Friday, November 20, 2009

The new variation regulation (EC) No 1234/2008 applies from 1 January 2010 for medicinal products approved via the mutual recognition procedure (MRP), decentralized procedure (DCP) and the Centralised procedure. The new variation regulation replaces the former regulations: (EC) No 1084/2003 (MRP/DCP) and (EC) No 1085/2003 (centralised marketing authorisations).

In principle, the same rules as for DCP/MRP products will apply even for nationally approved medicinal products and the MPA’s Code of Statutes LVFS 2006:11 will be updated with reference to the new variation regulation (EC) 1234/2008. Information on when the new regulation will apply for nationally approved medicinal products will be published at this webpage shortly.

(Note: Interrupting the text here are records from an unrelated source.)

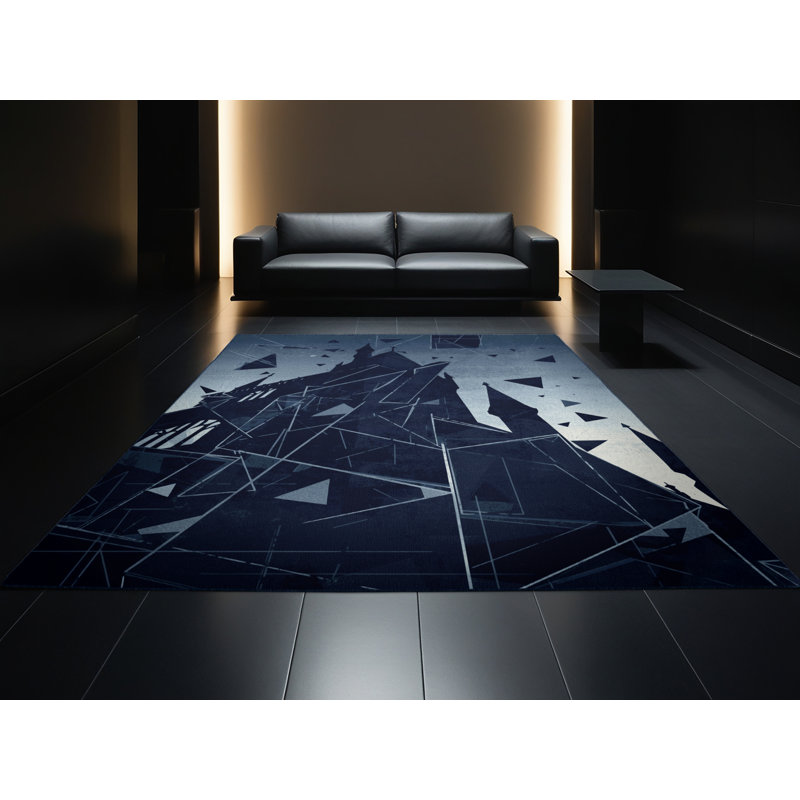 Tapis bleu moelleux doux et moelleux Vega Vampire Castle, 7 x 10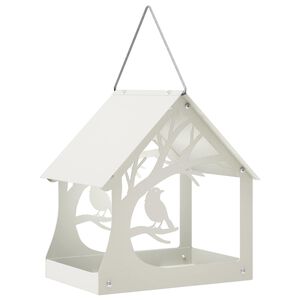vidaXL H&auml;ngendes Vogelfutterhaus Stahl Wei&szlig;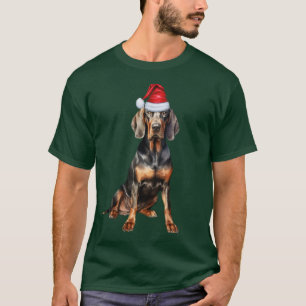 Camiseta Cachorro Negro Tan Coonhound Bonito e Feliz Natal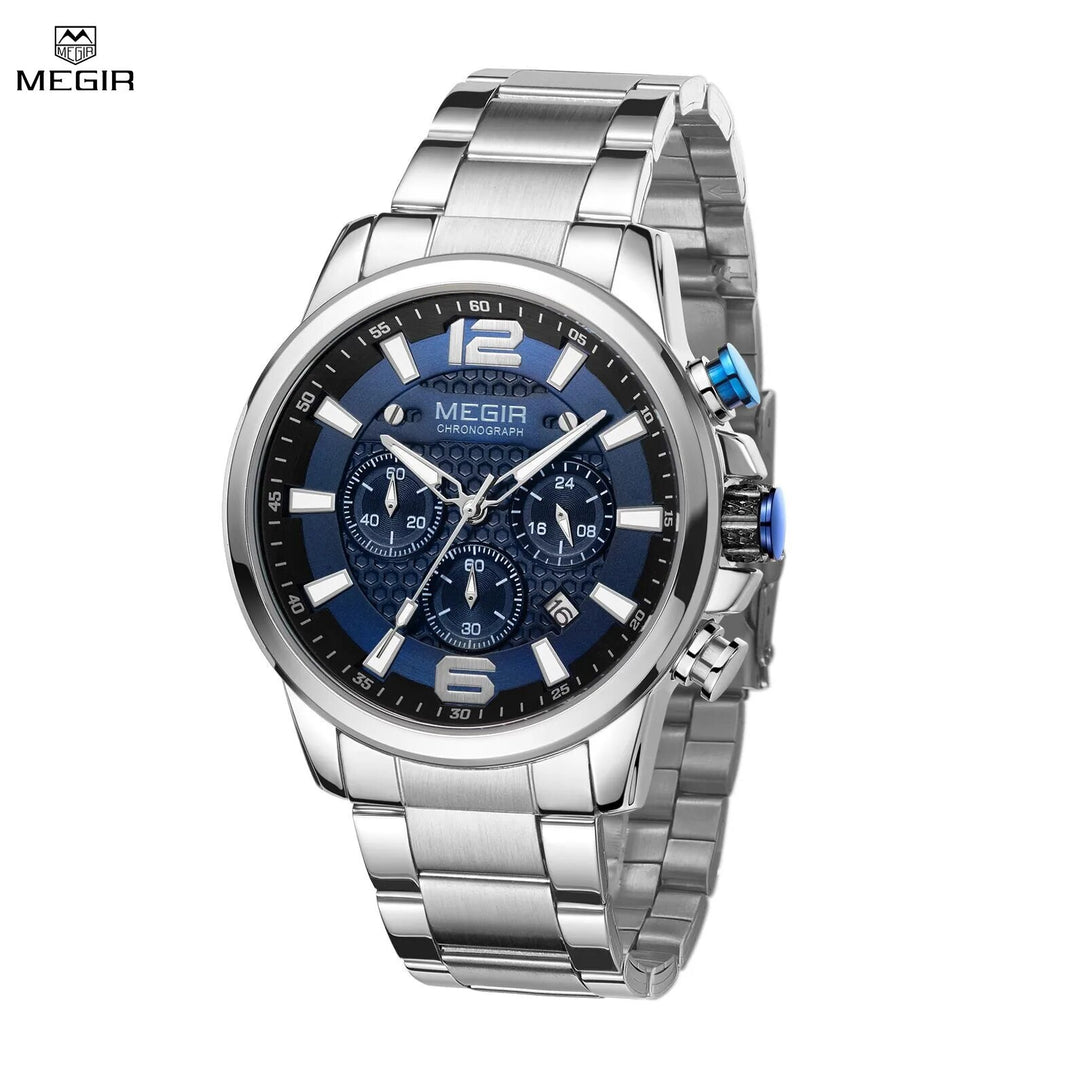 MEGIR Men's Quartz Wrist Watch Stainless Steel Band Chronograph Watches Luminous Waterproof Wristwatch Man Clock Military Watch-0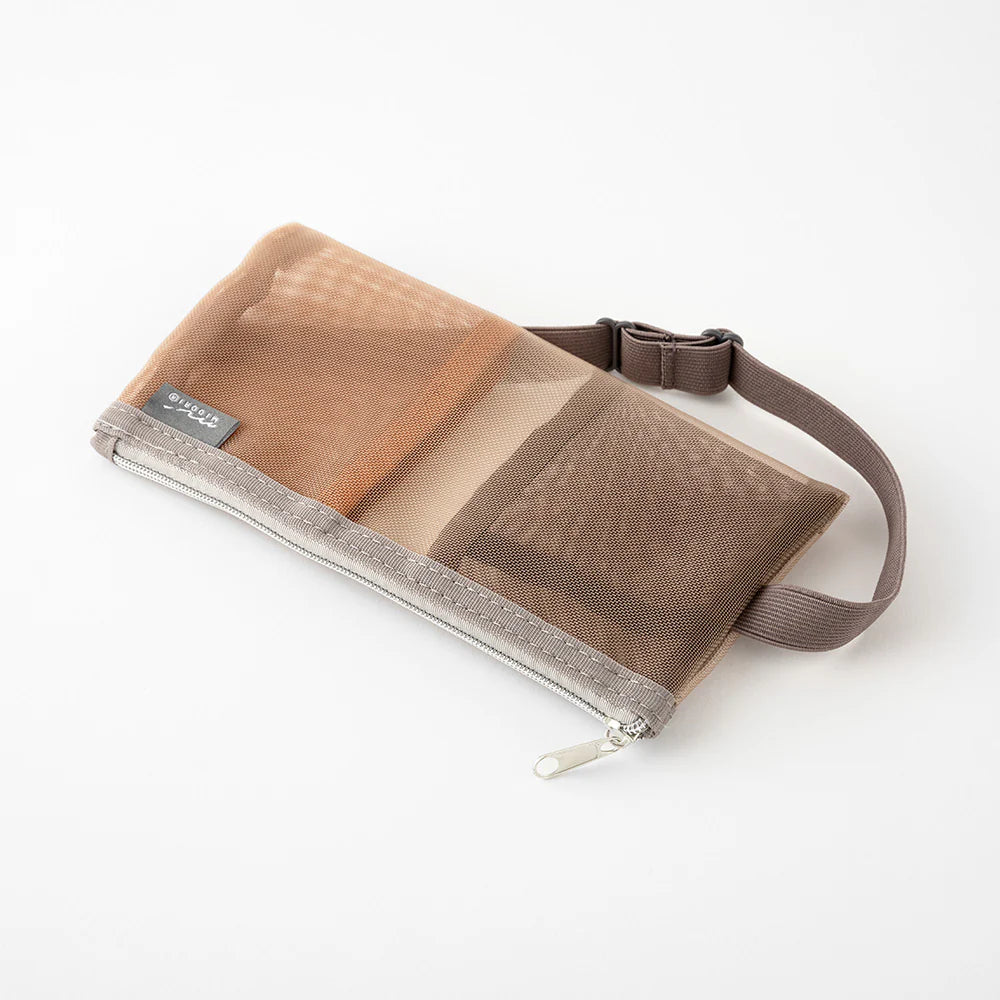 Book Band Pen Case <For B6 〜 A5> Mesh Brown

Work is currently on going to produce/revise guidelines, new variation application form etc., further information on these documents will be published at this webpage shortly. The aim is to have all documents ready by the end of November.

See Related information for more information.

Related information

Commission regulation (EC) No 1234/2008.pdf (Swedish)

Commission regulation (EC) No 1234/2008.pdf (English)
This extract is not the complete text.